Bundred identifies another potential risk in the transition from the existing governance regime to the new one. Under new arrangements, the role of NHS trust boards will be enhanced to ensure hospitals are properly managed.

But Bundred observes: ‘There have been instances when boards haven’t succeeded in fulfilling their responsibilities. It will happen again in future and, when it does, the regulator won’t be there to intervene. Governance will have to intervene.

‘In the past [trust boards] have been able to rely on Monitor to act as a kind of a backstop… that won’t be there in future.’

Comparisons between the new health market and privatised utilities can be taken too far, Slipman says. ‘There is clearly a difference between an open market where the customer picks up the bill in prices, and a more closed market where it’s the tax payer that picks up the bill.’

The size and nature of that bill depends on the NHS treatments tariff – the elaborate pricing system that determines how much money various parts of the NHS pay one another for the work they do. Currently set by the Department of Health, responsibility for the tariff is set to transfer to Monitor in April 2012, when much of the new health economy is timetabled to be up and running.
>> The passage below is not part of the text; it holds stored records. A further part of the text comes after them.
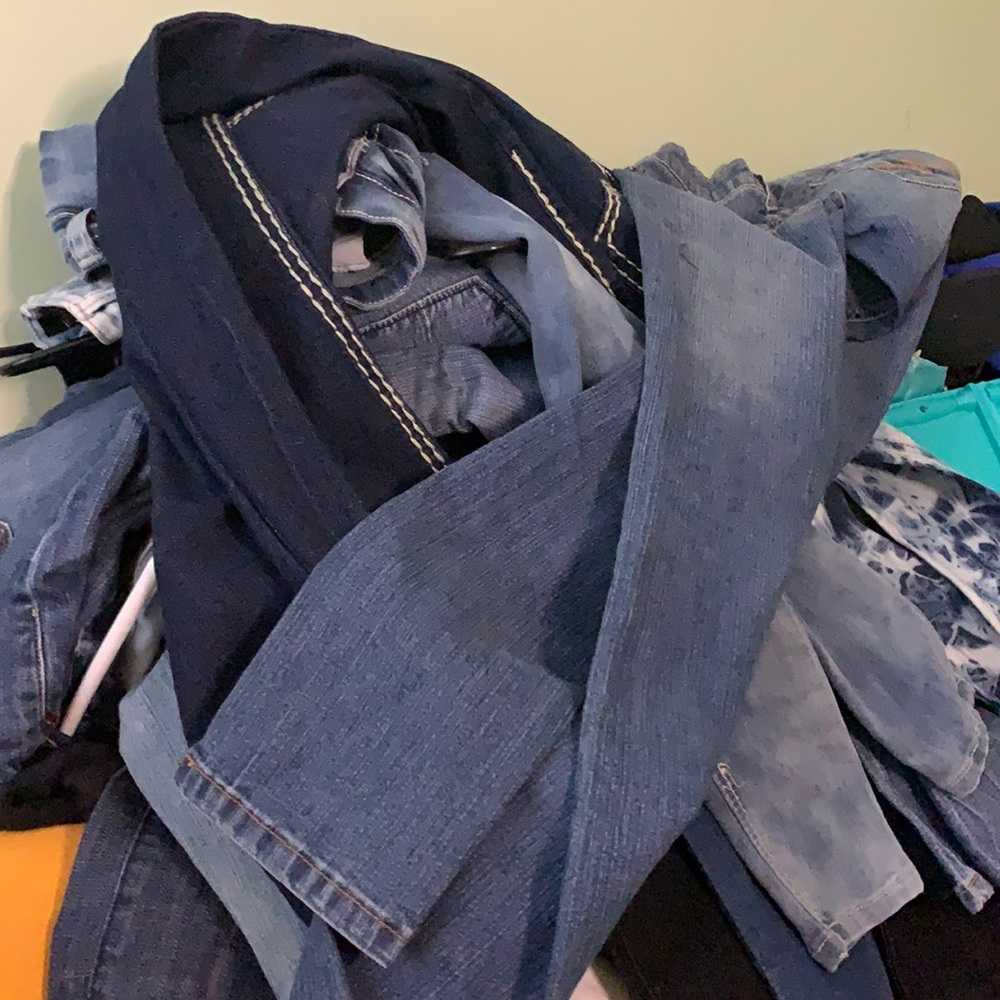 Denim jeans for sale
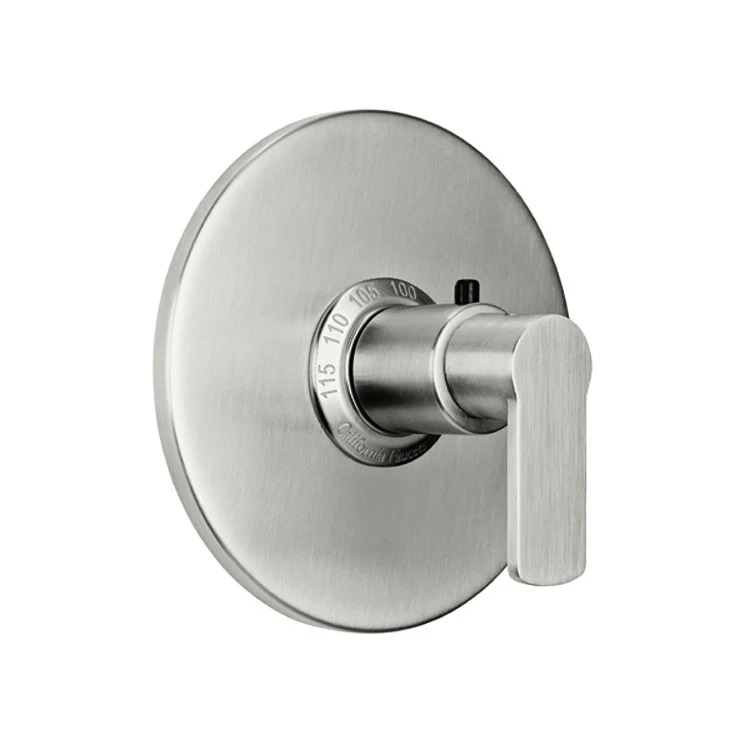 Thermostatic Trim Arpeggio Round 3/4 Inch 1 Lever Polished Nickel ADA for Requires Rough Valve TH75-R Handle and Escutcheon Brass - Frankwebs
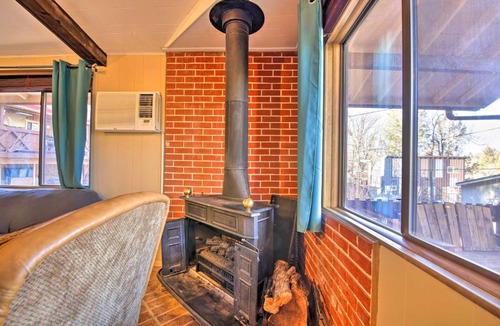 Christopher Creek House | Patio, Grill + Mogollon Rim Views: Payson Cabin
Part of Monitor’s job will be to balance the needs and interests of both sides of the internal market. They will have to devise a pricing system in which purchasers are able to afford to commission all the treatments necessary, while not being so cheap that it will bankrupt providers. To make the matter even more complex, the tariff will be constructed to promote the outcome priorities set by the new NHS Commissioning Board.

It is also proposed that Monitor will become responsible for safeguarding as-yet undefined ‘essential services’ – which could include maternity, ambulance and accident and emergency provision.

‘It’s a construct,’ says Slipman. ‘But then, any regulatory remit is a construct.’